Ph.D. Public Defense

Architectures for More Effective and Efficient Decoupled Look-Ahead

Sushant Kondguli

Supervised by Professor Michael Huang

Tuesday, April 9, 2019
9 a.m.

Computer Studies Building, Room 703

Single thread performance is still a central component for general purpose microarchitectures. In the past, technological drivers (faster clocks and increasing on-chip resources) guaranteed continued growth in single thread performance. However, going forward, single thread performance benefits (if any) form these technological techniques will come at significant costs. Innovative improvements in microarchitectural techniques offer a potential way forward for continued improvements in single thread performance mainly because today’s general-purpose applications continue to have significant levels of implicit parallelism. Conventional microarchitecture is unable to exploit this parallelism due to significant barrier posed by data and instruction supply subsystem. One possible way of improving this subsystem is by using Decoupled Lookahead Architectures (DLA). In DLA, a self-sufficient thread guides the look-ahead activities largely independent of the main thread performing the actual program execution.
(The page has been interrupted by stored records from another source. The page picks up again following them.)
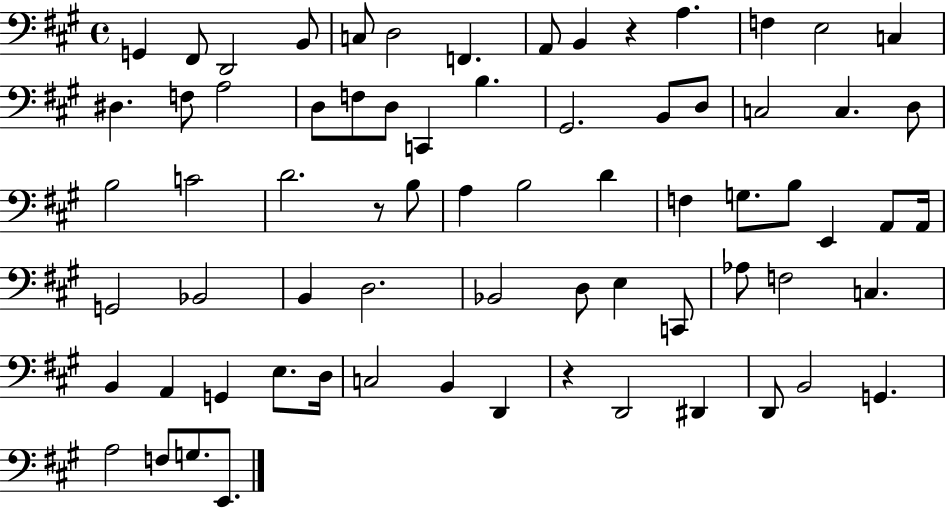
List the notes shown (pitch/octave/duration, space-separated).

G2/q F#2/e D2/h B2/e C3/e D3/h F2/q. A2/e B2/q R/q A3/q. F3/q E3/h C3/q D#3/q. F3/e A3/h D3/e F3/e D3/e C2/q B3/q. G#2/h. B2/e D3/e C3/h C3/q. D3/e B3/h C4/h D4/h. R/e B3/e A3/q B3/h D4/q F3/q G3/e. B3/e E2/q A2/e A2/s G2/h Bb2/h B2/q D3/h. Bb2/h D3/e E3/q C2/e Ab3/e F3/h C3/q. B2/q A2/q G2/q E3/e. D3/s C3/h B2/q D2/q R/q D2/h D#2/q D2/e B2/h G2/q. A3/h F3/e G3/e. E2/e.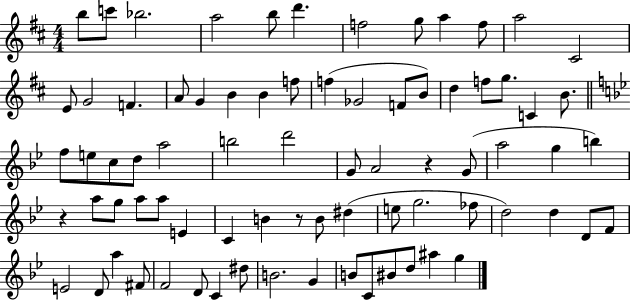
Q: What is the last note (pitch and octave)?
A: G5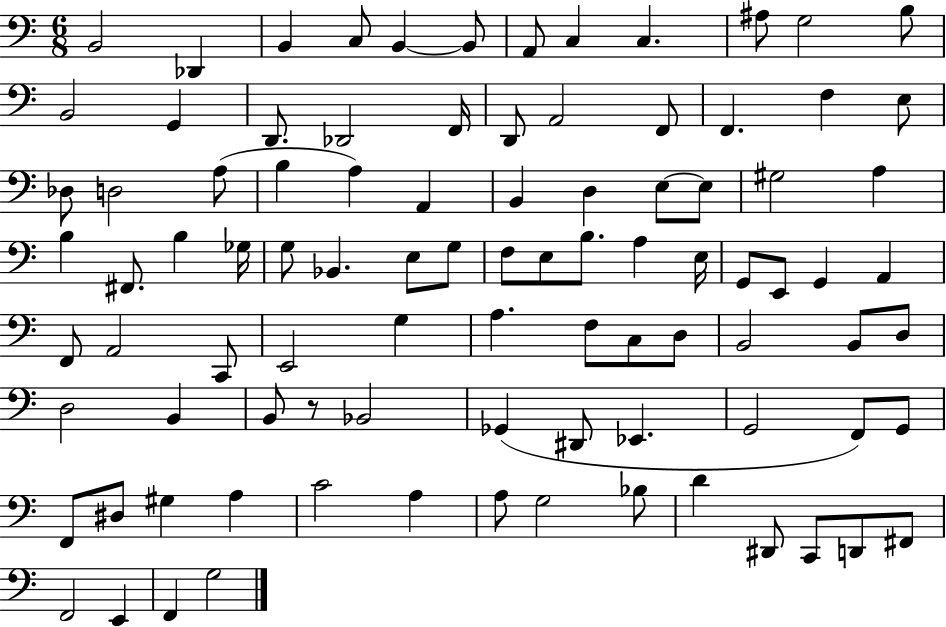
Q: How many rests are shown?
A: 1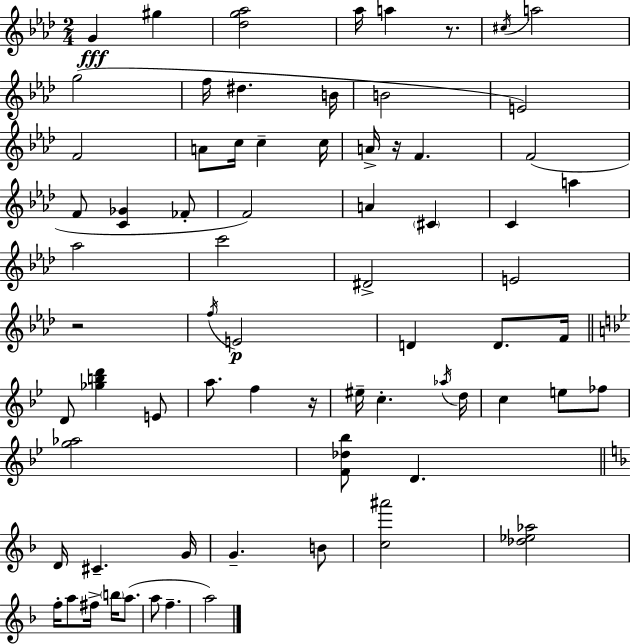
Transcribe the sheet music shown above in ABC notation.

In principle, the effectiveness of DLA does not depend on any access pattern or program behavior and this general purpose nature makes it an attractive platform for continued improvements in single thread performance.

To show the effectiveness of DLA at improving single thread performance, we first evaluate it as an on-demand performance boosting technique and compare it against traditional performance boosting techniques like scaling clock frequency and increasing on chip resources with wide cores. We show that DLA offers comparable effectiveness to traditional performance boosting techniques with better efficiency. We also note that effectiveness of boosting techniques vary at different phase of an application and propose an effective and efficient mechanism to enable optimum boosting technique for each phase of the application.

Lookahead thread in DLA tries to optimize the supply of data and instruction to the main thread. The overall speed of DLA in a given phase is limited by the slower of the two threads. So improving one thread only helps until the other thread becomes the bottleneck. Convention- ally, the two threads run on two separate identical cores/thread contexts that equally share the on-chip resources. This is inefficient since the resource requirements of the two threads vary at runtime. Similarly, by convention, lookahead thread tries to perform all lookahead activities that could benefit main thread and main thread redundantly repeats many of the lookahead thread’s activities. We first propose an efficient implementation to optimally distribute on-chip resources between lookahead thread and main thread. Next, we propose various optimizations to both the threads that optimize lookahaed thread and extract more utility from it for the main thread. Since DLA is bottlenecked by its slowest thread, our techniques offer relatively small performance gains individually. However, together their benefit is synergistic. When all pro- posed techniques are combined, DLA architecture can obtain an overall performance benefit of more than 50% compared to commercially available, aggressive, state-of-the-art designs; making it a compelling feature for general purpose microarchitecture.